**Information supplied**
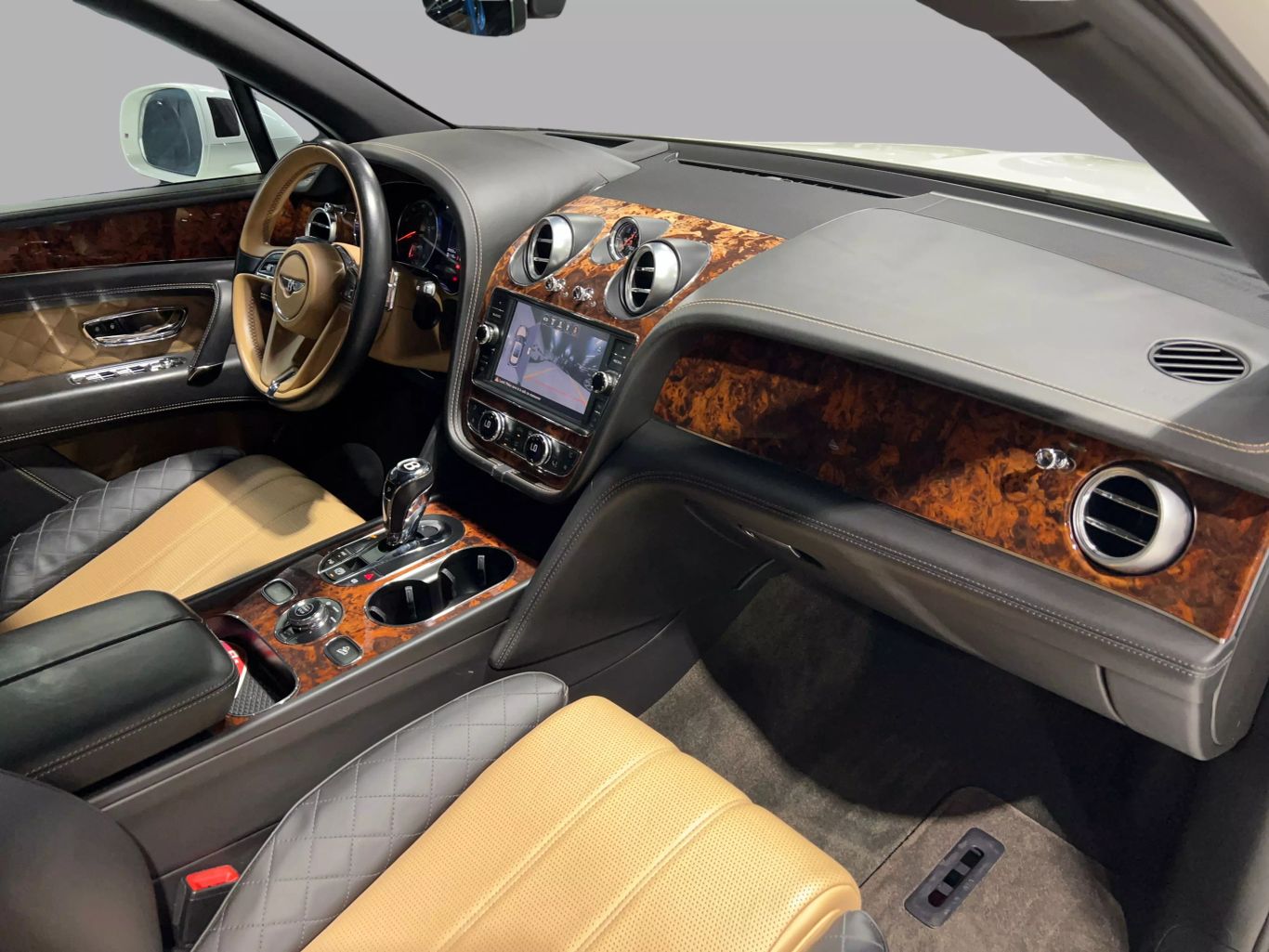 2018 BENTLEY BENTAYGA SEDAN W12, TWIN TURBO, 6.0 LITER W12 SIGNATURE SEDAN 4D
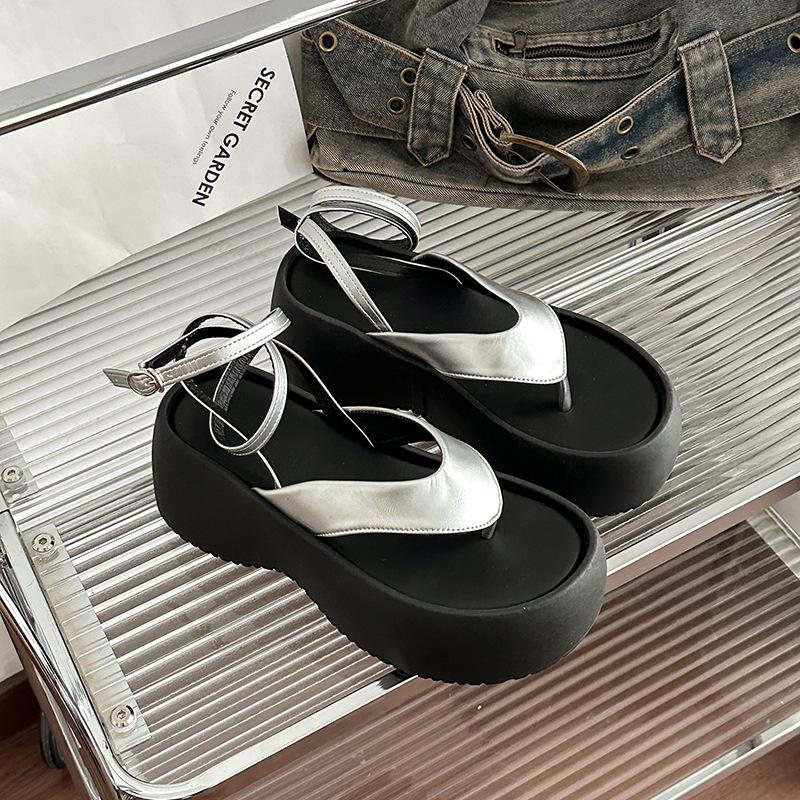 Small Black Strap-on Toe Platform Sandals Women's Fashion Heightened Wedge Heel Pinch Sandals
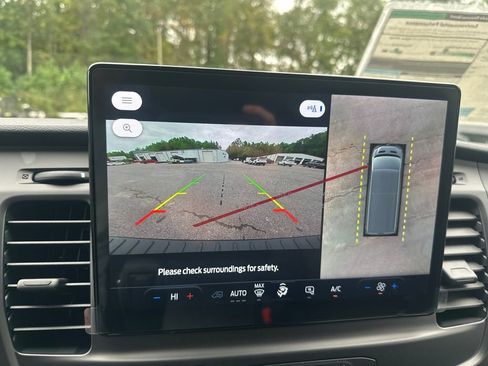 New 2025 Ford Transit 250 Low Roof image 23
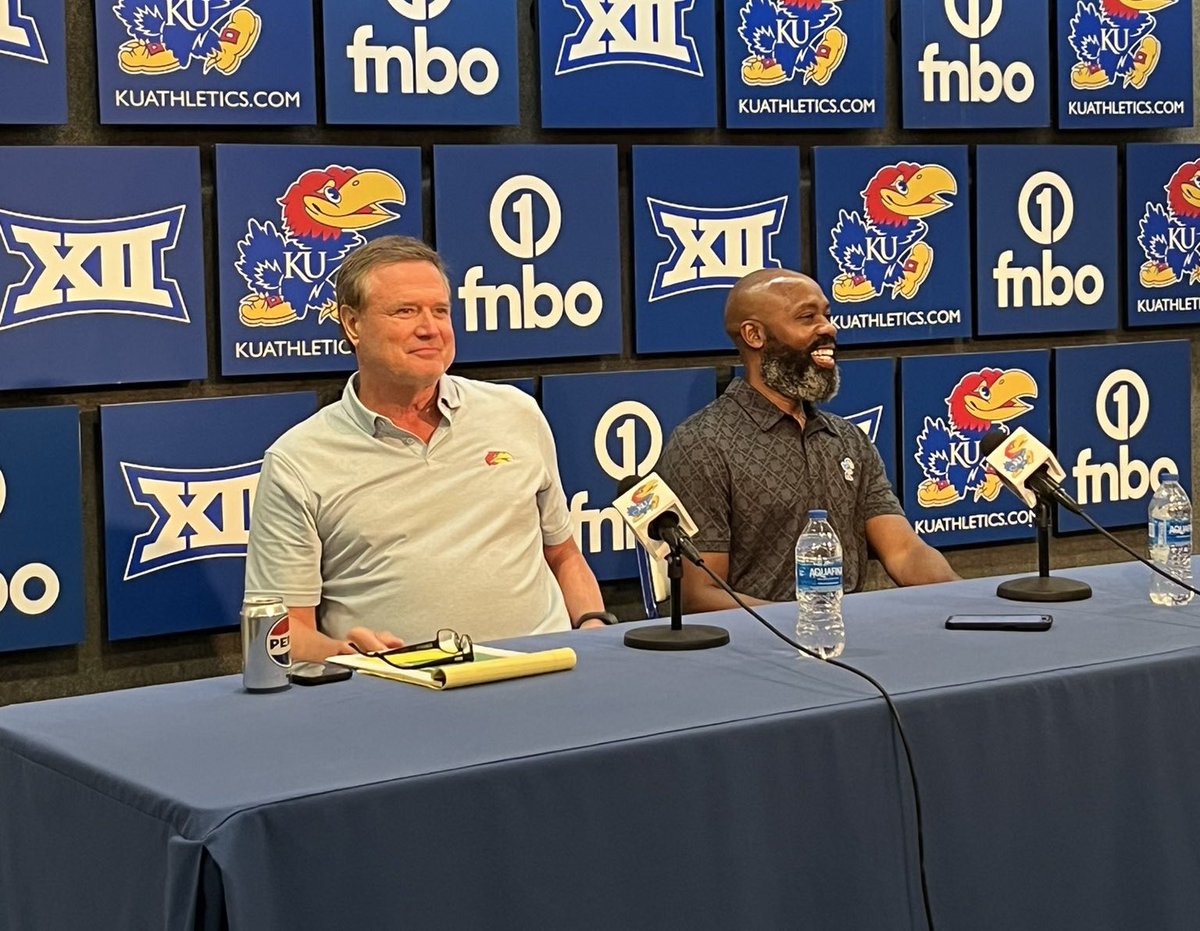 No Context Kansas Basketball (@nocontextkubb) on Twitter photo 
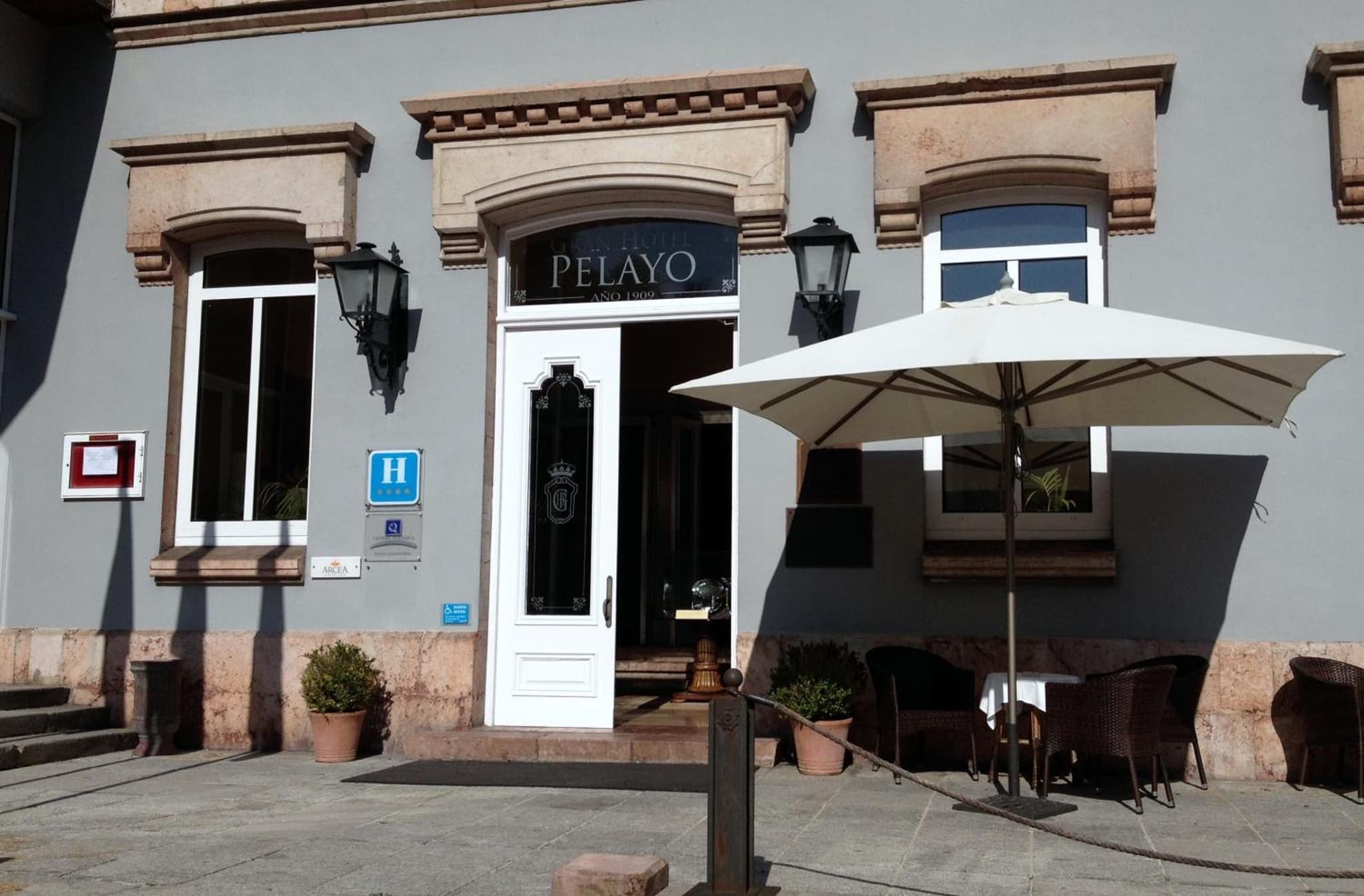 Gran Hotel Pelayo photo 9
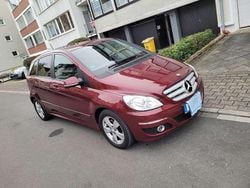 Rot Gebraucht 2009 Mercedes B200 Van / Kleinbus | 5.751 € (Fairer Preis)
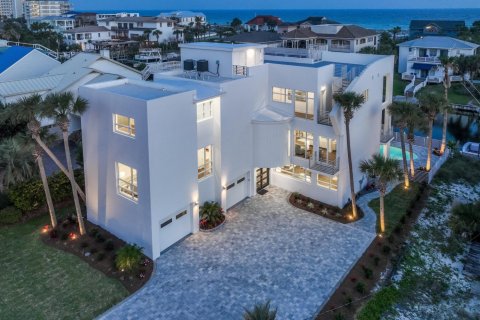 Casa en venta en Destin, Florida, 4 dormitorios, 567.08 m2 № 560916 - foto 1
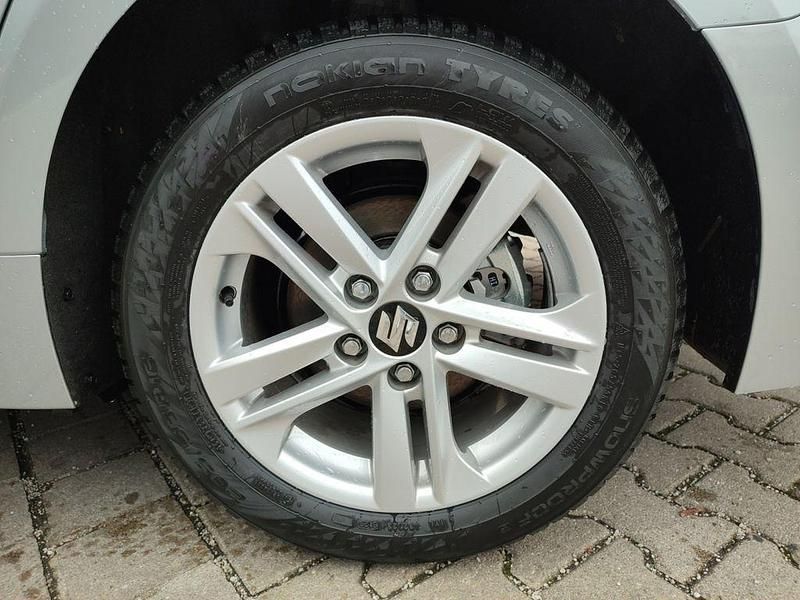 Gebraucht Suzuki Swace Comfort+ 140 PS (102 kW) 2024 Silber Kombi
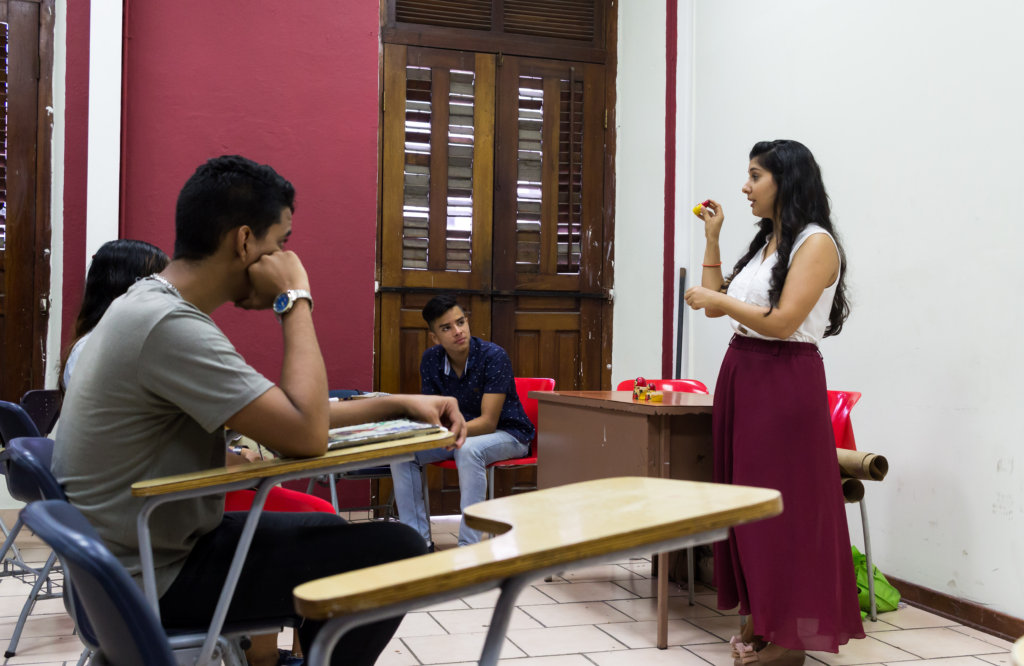 Provide Quality Education for 850 Youth in Panama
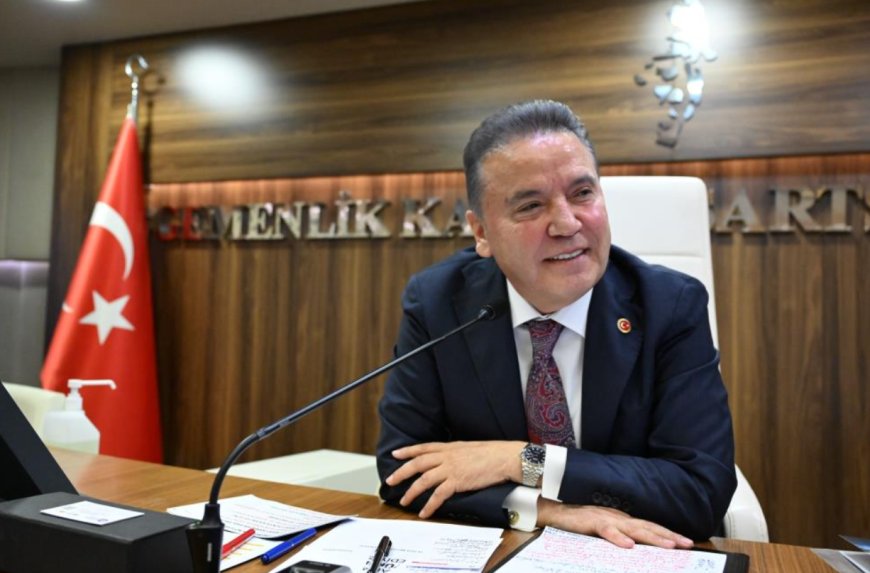 Antalya Büyükşehir Belediye Başkanı Böcek’e Anjiyo Müdahalesi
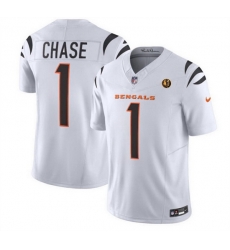 Men Cincinnati Bengals 1 Ja 27Marr Chase White 2023 F U S E With John Madden Patch Vapor Limited Stitched Football Jersey Men Cincinnati Bengals 1 Ja 27Marr Chase White 2023 F U S E With John Madden Patch Vapor Limited Stitched Football Jersey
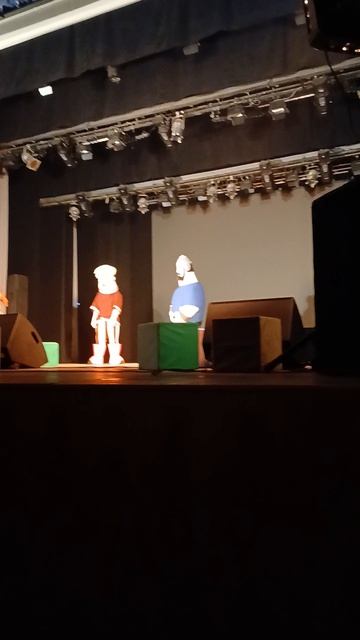 Вот я на спектакле была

**Task goal**
Instructions for the copy: start at the first entry, stop after the line containing "Rot Gebraucht 2009", keep every line exact, and drop the pictures.

**Exercise output**
 2018 BENTLEY BENTAYGA SEDAN W12, TWIN TURBO, 6.0 LITER W12 SIGNATURE SEDAN 4D
 Small Black Strap-on Toe Platform Sandals Women's Fashion Heightened Wedge Heel Pinch Sandals
 New 2025 Ford Transit 250 Low Roof image 23
 No Context Kansas Basketball (@nocontextkubb) on Twitter photo 
 Gran Hotel Pelayo photo 9
 Rot Gebraucht 2009 Mercedes B200 Van / Kleinbus | 5.751 € (Fairer Preis)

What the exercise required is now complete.